Giving Compass' Take:

• As gig employment expands, individuals will need to embrace continued cycles of learning in order to succeed. Policymakers must regulate and facilitate this process to achieve desired results.

• How is the gig economy already impacting your community? What opportunities exist to maximize the potential benefits of the shift?

• There are already organizations at work to minimize the harmful impacts of the gig economy on workers.


Educators need to prepare for a coming “education revolution” that will see learners breaking from traditional models to embrace shorter spurts of education throughout their lives, according to technology expert Shankar Maruwada.

However, policymakers also need to make sure they are well equipped to manage the technology and are able to regulate and moderate this trend, he said.

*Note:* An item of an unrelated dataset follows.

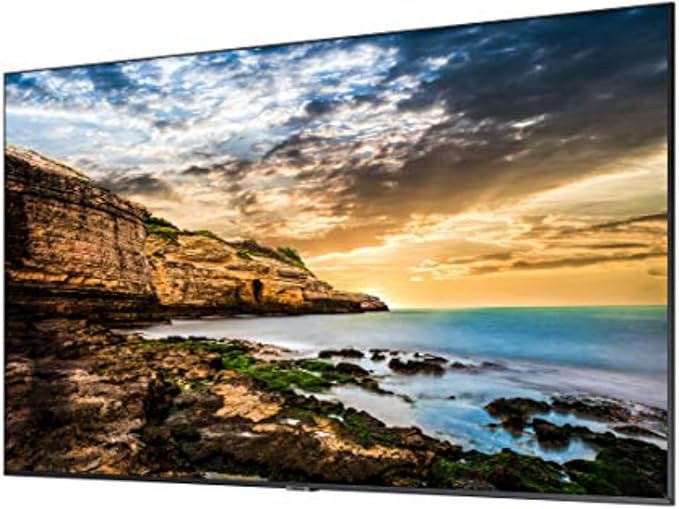 SAMSUNG Business QE55T 55-inch 4K UHD 3840x2160 LED Commercial Signage Display, HDMI, USB, Speakers, 3-Yr Warranty, 16/7 Operation, 300 nit (LH55QETELGCXGO), Black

Maruwada, former head of marketing for India’s biometric identification system, now runs EkStep — an open-source education platform designed to host digital tools and infrastructure to deliver primary education to 200 million children in India.

He predicted that learners will move toward shorter courses of education and lifelong learning in order to equip them for the growing “gig economy,” where more people are taking on freelance or short-term work rather than being hired for a long-term position with a regular wage.

He believes this employment shift will necessitate a similar transition in education, asking “if jobs go micro then can learning be far behind?”

As part of this change, “learning will be a lifelong journey as opposed to the current stage of learning being a rite of passage where you learn, then you earn and then you retire. The future will be about … lifelong cycles of learning and earning,” he suggested, and the next generation “may not have the luxury of retiring.”

The shift will also put greater emphasis on applied learning, Maruwadar said. The focus will no longer be on “what you learned or how you learned … but how you can apply what you’ve learned.”